Bohrkerne aus dem Schlossgarten sind eine Fundgrube für die Wissenschaftler Hans-Peter Stika, Andreas Lehmann und Joachim Eberle. Foto: Lichtgut/Max Kovalenko

Wer sie lesen kann, für den erzählen die Gesteinsschichten aus rund 40 Meter tiefen Bohrungen im Schlossgarten Geschichte. Die Unis Hohenheim und Tübingen wollen das Material aus der Stuttgart-21-Baustelle auswerten.

Stuttgart - Die Projektgesellschaft Stuttgart–Ulm hat am Mittwoch im Schlossgarten sieben Paletten mit bis zu 40 Meter aus Bohrungen gewonnenem Gestein an die Universitäten Hohenheim und Tübingen übergeben. Die je einen Meter langen, aus sägerauen Brettern zusammengenagelten Holzkisten mit ihrem teils krümeligen Inhalt wirken unscheinbar. Die Charge Bohrkerne kann Wissenschaftlern aber Aufschluss über die Vegetation und die Siedlungs- und Klimageschichte in Stuttgart geben. Das Umweltministerium unterstützt die Forscher mit 27 000 Euro. Ministerialdirektor Helfried Meinel übergab den Förderbescheid.

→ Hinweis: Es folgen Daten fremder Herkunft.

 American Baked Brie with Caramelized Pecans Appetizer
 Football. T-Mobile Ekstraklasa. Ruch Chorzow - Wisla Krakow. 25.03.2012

Die Bohrkerne mit dem Umfang einer Sprudelflasche sind ein Teil jener insgesamt 70 Bohrungen, die die Bahn bereits 2009 auf dem Gelände der heutigen Tiefbahnhof-Baustelle vorgenommen hat. Damit, so der stellvertretende Teilprojektleiter Mark Theilemann, konnte die nötige Gründung für den Bahnhofstrog ermittelt werden.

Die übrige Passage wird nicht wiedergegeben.